Picture a conveyor belt dotted with the latest Yeezy’s or the covetable Travis Scott Nike Air Jordan 1’s, or whatever is top of the sneakerhead’s “cop list.” Now, picture human authenticators working in tandem with what’s essentially large wooden “lightboxes” to artfully authenticate each with up to 99.1 percent accuracy.
While that reality is a little further off today, it’s what Vidyuth Srinivasan, chief executive officer and cofounder of Entrupy, envisions on the industry’s roadmap for luxury authentication.
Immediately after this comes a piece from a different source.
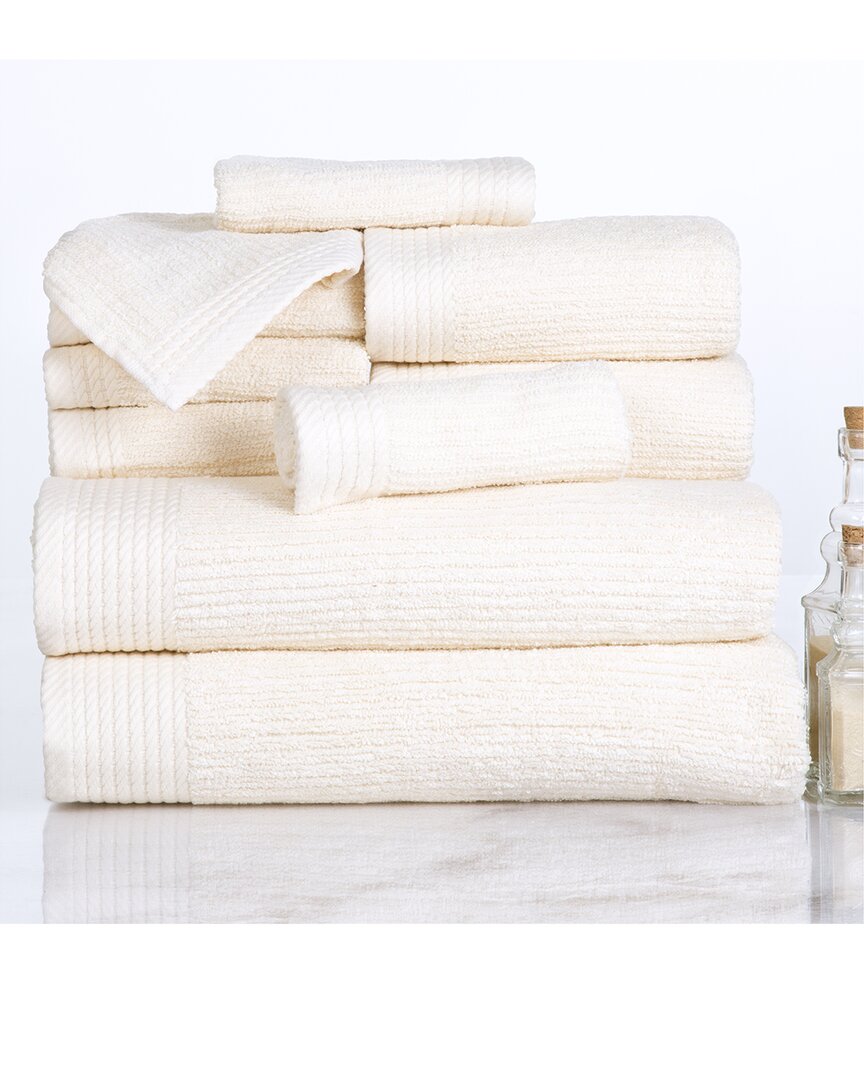 Lavish Home Ribbed Cotton 10pc Washcloth Towel Set In Bone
Already the company’s AI-based solution has come a long way since its beginnings being incubated in NYU before moving out in 2015. Last September, Entrupy joined LVMH Moët Hennessy Louis Vuitton’s third edition of La Maison des Startups, held in Paris.
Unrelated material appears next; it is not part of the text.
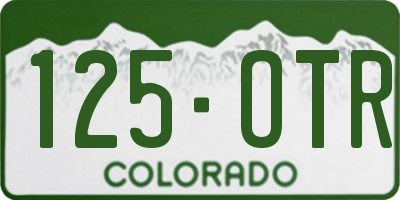 CO license plate 125OTR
Last year, Entrupy’s solution helped its partners seize over $170 million in counterfeit luxury goods and has been no doubt flirting with new business in the luxury space, recently partnering with business-to-business resale platform Yerdle and Nordstrom to bring its resale pop-up “See You Tomorrow” to life.
With the advent of online resale marketplaces such as StockX, Fashionphile, The RealReal and others democratizing access to luxury goods, Srinivasan is arguing the case for automation, telling WWD, “There’s not enough expertise to go around.”
It’s why the minimalistic boxes are designed for easy scalability, outfitted with a handful of iPods in the interior to capture as many as 12,000 data points with just eight images. “The idea was to make it so simple that any business can scale that expertise,” said Srinivasan.
Speed and accuracy in authentication are necessary to stay relevant within the drop cadence model that fuels the sneaker world. Because of limited releases, scarcity heightens demand — making payoff high for skilled counterfeiters. Entrupy traced counterfeiters back to their root manufacturers after combing sneaker forums, in order to instruct its authentication technology.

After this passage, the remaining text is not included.